**Available records**
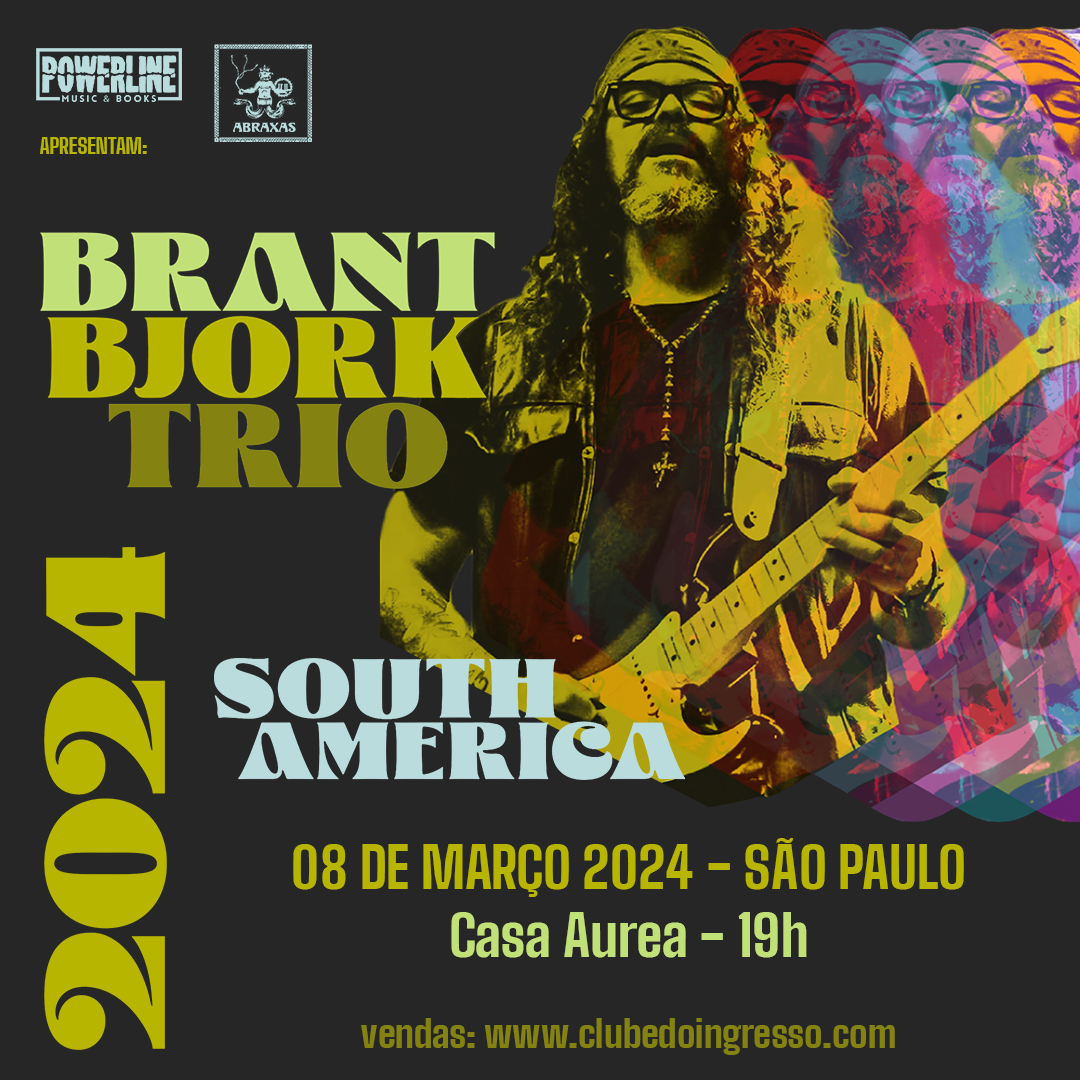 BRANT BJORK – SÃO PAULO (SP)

...

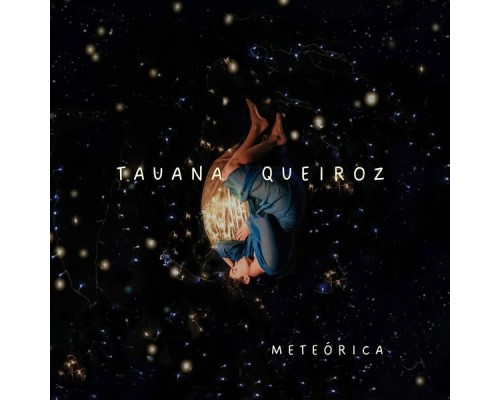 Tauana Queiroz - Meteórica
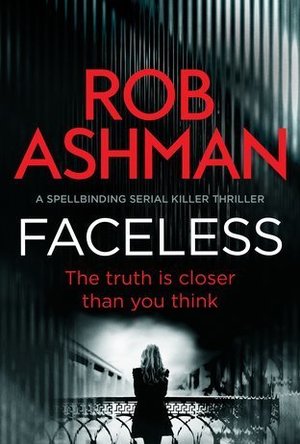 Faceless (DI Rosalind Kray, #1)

==

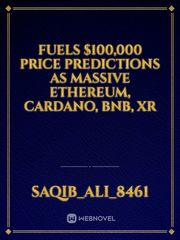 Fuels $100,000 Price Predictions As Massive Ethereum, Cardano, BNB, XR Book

**Work item**
Your reply should consist solely of the lines above from the line containing "Tauana Queiroz - Meteórica" up to and including the line containing "Faceless (DI Rosalind Kray, #1)", reproduced exactly, minus the pictures.

**Written answer**
 Tauana Queiroz - Meteórica
 Faceless (DI Rosalind Kray, #1)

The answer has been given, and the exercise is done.